Others who were involved initially or at the end of the process were the student body president and the head of the Honor Committee. But for the majority of the process, “it was mostly just Don and me,” Boyd said.

Their work resulted in the delineation of 11 potential violations, including damage to property, intentional disruption of teaching, and unauthorized entry or occupation of University property, along with potential sanctions, up to expulsion. The language was approved in an Aug. 25, 1970, resolution, with the committee ironing out some additional language changes by October.

“It is clear that in a community of learning, willful disruption of the educational process, destruction of property, and interference with the orderly process of the University or with the rights of other members of the University cannot be tolerated,” the Standards of Conduct, as reflected in Oct. 2, 1970, Board of Visitors minutes, read. “A student enrolling in the University assumes an obligation to conduct himself in a manner compatible with the University’s function as an educational institution.
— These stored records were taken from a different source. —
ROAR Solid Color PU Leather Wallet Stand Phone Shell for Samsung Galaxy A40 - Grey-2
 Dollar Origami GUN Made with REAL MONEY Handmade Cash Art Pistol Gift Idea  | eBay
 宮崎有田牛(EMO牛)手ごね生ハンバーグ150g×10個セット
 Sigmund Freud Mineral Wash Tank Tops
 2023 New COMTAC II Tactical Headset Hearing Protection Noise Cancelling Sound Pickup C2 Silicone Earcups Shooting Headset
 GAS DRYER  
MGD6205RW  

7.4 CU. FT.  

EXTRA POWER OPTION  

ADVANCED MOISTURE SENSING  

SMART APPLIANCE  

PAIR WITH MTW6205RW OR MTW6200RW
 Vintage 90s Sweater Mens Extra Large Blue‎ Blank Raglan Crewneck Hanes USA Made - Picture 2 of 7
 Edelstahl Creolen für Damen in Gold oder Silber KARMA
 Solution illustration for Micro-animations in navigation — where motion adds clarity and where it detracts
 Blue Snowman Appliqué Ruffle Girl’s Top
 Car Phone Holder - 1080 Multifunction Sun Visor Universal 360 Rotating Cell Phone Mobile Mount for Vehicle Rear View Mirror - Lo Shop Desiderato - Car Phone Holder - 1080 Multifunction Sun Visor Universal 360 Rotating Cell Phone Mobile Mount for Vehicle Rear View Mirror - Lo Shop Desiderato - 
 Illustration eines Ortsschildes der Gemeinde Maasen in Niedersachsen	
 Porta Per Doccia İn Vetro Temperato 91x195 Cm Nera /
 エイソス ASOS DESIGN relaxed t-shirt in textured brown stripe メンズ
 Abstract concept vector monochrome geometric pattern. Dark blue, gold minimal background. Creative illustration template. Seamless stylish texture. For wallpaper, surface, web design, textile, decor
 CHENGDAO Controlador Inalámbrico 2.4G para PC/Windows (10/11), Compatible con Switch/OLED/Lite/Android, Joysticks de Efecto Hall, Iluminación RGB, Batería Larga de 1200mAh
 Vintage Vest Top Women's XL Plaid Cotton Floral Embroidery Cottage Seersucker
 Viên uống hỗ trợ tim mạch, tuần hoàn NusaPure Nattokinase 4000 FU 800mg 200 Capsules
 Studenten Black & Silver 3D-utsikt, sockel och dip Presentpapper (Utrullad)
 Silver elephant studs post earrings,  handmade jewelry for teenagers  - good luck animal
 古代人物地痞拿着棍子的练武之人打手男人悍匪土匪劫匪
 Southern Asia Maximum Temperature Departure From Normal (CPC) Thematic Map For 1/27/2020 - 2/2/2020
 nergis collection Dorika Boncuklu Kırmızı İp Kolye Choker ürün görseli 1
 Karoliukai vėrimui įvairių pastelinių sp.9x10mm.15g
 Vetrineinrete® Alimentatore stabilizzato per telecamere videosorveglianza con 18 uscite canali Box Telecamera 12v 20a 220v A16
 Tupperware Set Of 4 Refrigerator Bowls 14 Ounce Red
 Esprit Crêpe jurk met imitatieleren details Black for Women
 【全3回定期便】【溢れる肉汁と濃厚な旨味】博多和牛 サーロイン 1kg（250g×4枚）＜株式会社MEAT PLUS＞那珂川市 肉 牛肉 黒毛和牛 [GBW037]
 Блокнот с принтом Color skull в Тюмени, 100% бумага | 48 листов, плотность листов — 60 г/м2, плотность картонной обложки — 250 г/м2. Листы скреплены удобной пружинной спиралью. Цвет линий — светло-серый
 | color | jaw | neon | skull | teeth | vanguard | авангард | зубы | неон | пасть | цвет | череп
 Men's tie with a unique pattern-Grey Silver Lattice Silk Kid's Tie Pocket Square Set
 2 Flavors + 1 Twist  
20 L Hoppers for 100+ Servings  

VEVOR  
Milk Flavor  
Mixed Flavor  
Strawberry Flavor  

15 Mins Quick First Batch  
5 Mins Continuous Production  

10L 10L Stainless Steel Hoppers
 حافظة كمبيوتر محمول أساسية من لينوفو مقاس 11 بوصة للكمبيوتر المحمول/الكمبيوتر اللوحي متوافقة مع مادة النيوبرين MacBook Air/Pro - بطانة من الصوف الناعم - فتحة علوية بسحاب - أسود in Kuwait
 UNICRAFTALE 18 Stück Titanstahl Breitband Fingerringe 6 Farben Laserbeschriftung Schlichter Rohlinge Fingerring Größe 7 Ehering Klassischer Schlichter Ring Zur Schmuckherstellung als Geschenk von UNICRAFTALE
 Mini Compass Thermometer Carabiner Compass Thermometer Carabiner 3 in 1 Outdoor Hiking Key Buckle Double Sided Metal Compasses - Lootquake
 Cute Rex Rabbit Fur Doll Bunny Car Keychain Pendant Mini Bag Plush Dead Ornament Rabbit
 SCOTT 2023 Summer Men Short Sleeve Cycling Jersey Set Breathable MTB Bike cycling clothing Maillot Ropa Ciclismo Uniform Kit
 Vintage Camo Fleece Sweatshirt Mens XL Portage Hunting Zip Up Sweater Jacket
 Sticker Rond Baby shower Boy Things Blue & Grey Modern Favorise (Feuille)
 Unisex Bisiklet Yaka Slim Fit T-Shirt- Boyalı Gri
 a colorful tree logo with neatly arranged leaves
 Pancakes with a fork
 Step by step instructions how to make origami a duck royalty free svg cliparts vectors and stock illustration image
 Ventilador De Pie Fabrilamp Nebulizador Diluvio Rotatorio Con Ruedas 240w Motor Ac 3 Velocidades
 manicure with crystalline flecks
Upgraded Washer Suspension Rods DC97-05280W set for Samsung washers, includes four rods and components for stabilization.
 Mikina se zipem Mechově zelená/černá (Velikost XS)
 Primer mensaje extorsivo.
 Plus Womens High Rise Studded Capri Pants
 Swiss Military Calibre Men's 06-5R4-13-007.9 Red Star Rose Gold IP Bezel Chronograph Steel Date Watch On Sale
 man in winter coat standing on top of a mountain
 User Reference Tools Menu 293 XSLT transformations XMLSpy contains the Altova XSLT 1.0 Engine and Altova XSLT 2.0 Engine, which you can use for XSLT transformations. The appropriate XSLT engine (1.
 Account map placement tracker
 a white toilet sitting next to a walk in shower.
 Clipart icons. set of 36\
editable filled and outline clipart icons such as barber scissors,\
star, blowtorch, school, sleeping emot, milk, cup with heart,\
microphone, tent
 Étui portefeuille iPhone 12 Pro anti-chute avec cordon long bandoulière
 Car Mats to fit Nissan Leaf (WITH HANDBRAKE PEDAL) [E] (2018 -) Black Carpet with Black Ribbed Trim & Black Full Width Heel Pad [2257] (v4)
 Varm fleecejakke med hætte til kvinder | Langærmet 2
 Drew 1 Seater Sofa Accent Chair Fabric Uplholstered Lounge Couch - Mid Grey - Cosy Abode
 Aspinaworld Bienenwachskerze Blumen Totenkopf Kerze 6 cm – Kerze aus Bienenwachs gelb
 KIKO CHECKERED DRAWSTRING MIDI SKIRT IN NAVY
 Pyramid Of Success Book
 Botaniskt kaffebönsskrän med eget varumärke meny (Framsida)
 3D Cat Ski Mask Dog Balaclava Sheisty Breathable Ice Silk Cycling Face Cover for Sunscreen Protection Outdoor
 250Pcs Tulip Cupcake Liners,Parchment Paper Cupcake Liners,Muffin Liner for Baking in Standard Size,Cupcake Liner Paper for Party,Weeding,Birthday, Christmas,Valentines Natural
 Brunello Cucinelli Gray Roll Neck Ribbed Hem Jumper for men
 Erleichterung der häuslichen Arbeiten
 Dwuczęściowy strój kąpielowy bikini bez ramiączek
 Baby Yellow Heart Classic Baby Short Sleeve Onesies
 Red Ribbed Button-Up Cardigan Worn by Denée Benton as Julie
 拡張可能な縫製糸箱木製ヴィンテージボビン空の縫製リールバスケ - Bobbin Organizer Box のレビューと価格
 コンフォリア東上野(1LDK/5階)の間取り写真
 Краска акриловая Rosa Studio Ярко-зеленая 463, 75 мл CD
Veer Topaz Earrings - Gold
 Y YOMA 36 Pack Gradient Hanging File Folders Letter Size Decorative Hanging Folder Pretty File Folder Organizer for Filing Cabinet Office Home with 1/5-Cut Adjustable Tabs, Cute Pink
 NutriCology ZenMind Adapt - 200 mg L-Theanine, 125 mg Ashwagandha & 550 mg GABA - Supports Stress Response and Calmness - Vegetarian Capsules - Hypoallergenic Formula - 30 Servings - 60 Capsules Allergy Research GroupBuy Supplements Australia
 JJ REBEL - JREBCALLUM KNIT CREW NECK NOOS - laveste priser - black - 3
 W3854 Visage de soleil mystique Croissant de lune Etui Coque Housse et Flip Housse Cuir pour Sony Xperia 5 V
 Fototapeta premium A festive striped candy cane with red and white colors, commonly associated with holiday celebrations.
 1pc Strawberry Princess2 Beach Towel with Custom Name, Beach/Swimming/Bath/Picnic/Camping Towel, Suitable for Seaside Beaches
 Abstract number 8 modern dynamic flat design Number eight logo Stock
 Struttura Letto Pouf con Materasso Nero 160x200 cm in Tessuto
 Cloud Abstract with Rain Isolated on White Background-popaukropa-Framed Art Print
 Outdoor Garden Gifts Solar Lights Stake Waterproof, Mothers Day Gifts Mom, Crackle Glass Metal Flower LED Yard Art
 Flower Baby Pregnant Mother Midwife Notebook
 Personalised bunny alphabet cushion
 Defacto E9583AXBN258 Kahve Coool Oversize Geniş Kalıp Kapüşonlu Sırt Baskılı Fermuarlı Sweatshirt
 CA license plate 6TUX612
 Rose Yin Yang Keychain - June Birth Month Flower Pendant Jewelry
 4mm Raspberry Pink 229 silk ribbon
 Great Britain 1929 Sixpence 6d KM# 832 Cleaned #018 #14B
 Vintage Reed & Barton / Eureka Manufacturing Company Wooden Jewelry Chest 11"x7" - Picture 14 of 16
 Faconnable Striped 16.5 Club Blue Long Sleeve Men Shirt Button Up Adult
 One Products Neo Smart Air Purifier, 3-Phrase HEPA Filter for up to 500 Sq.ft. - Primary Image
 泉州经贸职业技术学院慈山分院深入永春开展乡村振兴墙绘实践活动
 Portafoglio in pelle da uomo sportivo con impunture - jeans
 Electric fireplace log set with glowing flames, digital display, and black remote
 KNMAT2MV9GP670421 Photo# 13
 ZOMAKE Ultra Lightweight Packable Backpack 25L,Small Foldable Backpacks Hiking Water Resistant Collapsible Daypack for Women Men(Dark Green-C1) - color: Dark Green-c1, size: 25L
To fulfill its functions of imparting and gaining knowledge, the University retains the power to maintain order within the University and to exclude those who are disruptive of the educational process.”

The language the two men helped craft remained unchanged for more than 30 years.

In the process of doing their work, Boyd and Santarelli became good friends. They continued to keep in touch as Santarelli resigned from the Nixon administration in protest of the Watergate scandal, and Boyd went on active duty as a captain in the U.S. Air Force and then clerked for a federal judge in Los Angeles. They remain close friends today.

“I consider Don the older brother I never had,” said Boyd, now a partner at DLA Piper in Washington, D.C.

“I consider Tom my younger brother,” said Santarelli, now a partner at Dinsmore, also in Washington.

Had another student been head of the judiciary, the outcome might have been different. Personal or political motivations of the time might have come into play. But as a result of Boyd’s stand—and Santarelli’s support—UVA did not have to fend off lawsuits (as Virginia Tech did), no young men were expelled and subsequently drafted, and, Santarelli believes, the University evolved much faster than it might have otherwise.

For Boyd, the only thing that was relevant was a fair path to a just outcome.

“I did not condone the conduct, but I thought it was entirely inappropriate to prosecute a whole room of students with the same broad standard,” he said. “I don’t recall that I had any feelings about anyone getting off. I would have been happy to convict if there had been proof. It wasn’t anything that I did for any reason other than I thought it was the right thing to do.”